I found docs#ENNReal.toReal_eq_toReal with loogle VSCode autocomplete, and then got stuck trying to show that the division does not result in \top.
I had the idea: converting \top to a Real probably results in the default value 0, and the division is not 0, so I can apply_fun ENNReal.toReal to show the division is nontop.
Ching-Tsun Chou (Jan 24 2025 at 02:22):
Thanks! I did not know that something like k ≠ 0 can be used in simp. What was your Loogle search query?

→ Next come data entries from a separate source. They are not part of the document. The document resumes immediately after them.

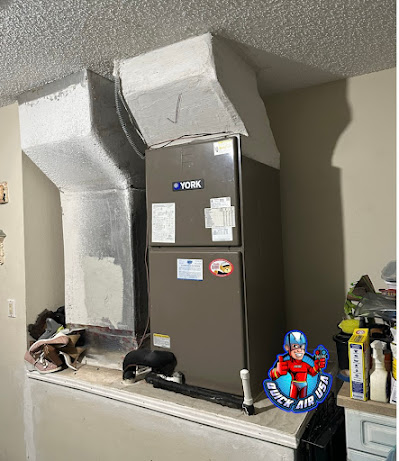 Experience and skills required for handling HVAC systems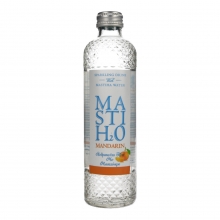 Masti H2O Μανταρίνι 330ml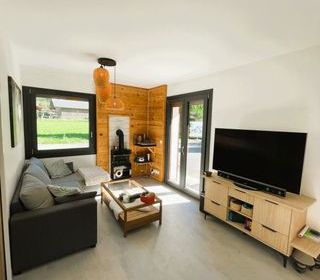  Appartement � vendre 3 pi�ces 57 m�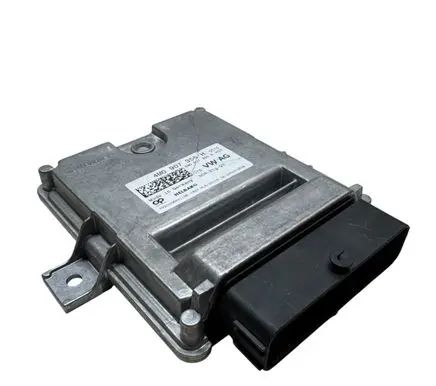Audi Q7 4M Adblue control unit 4M0907355H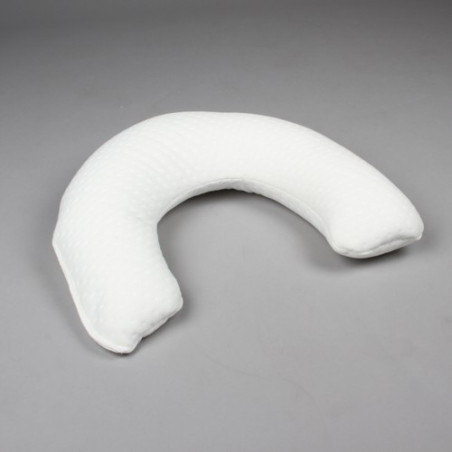 Coussin anneau cervical 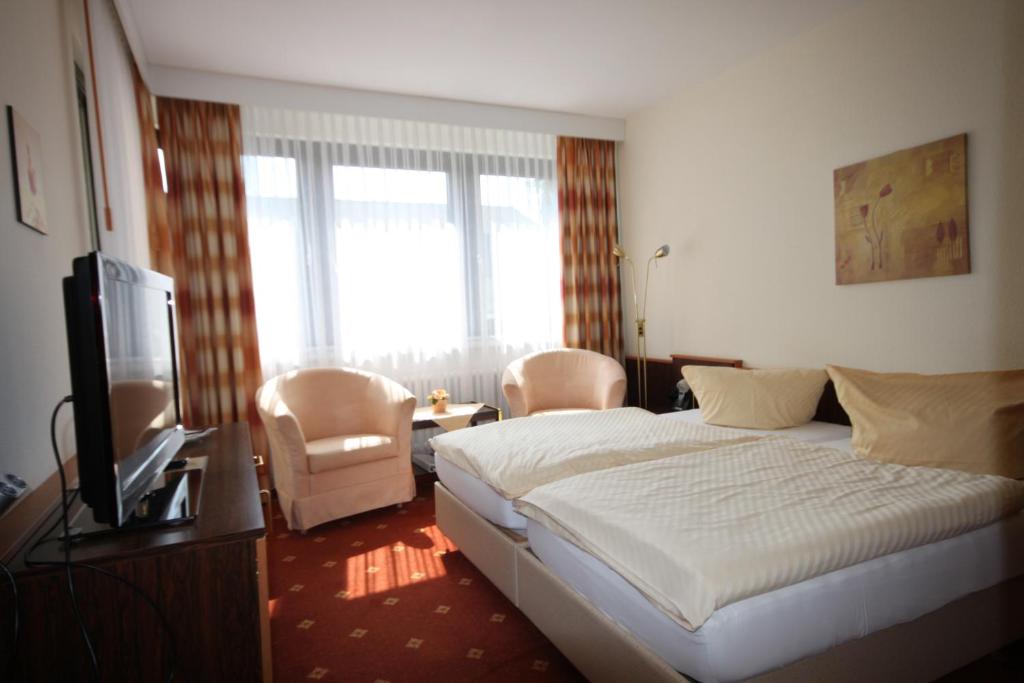 Bad Pyrmonter Hof photo 2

Ruben Van de Velde (Jan 24 2025 at 11:22):
You can also extract a more general lemma and note that docs#ENNReal.div_eq_div_iff exists:
import Mathlib
lemma aux_2 {k m n : NNReal} (hn : n ≠ 0) (heq : k * m = n) :
(↑ m : ENNReal) / (↑ n : ENNReal) = 1 / (↑ k : ENNReal) := by
subst heq
rw [ENNReal.div_eq_div_iff] <;> simp_all [← ENNReal.coe_mul]
lemma aux_1 {k m n : ℕ} (hn : 0 < n) (heq : k * m = n) :
(↑ m : ENNReal) / (↑ n : ENNReal) = 1 / (↑ k : ENNReal) := by
simp_rw [← ENNReal.coe_natCast]
rw [aux_2] <;> simp_all [Nat.pos_iff_ne_zero, ← Nat.cast_mul]
Last updated: May 02 2025 at 03:31 UTC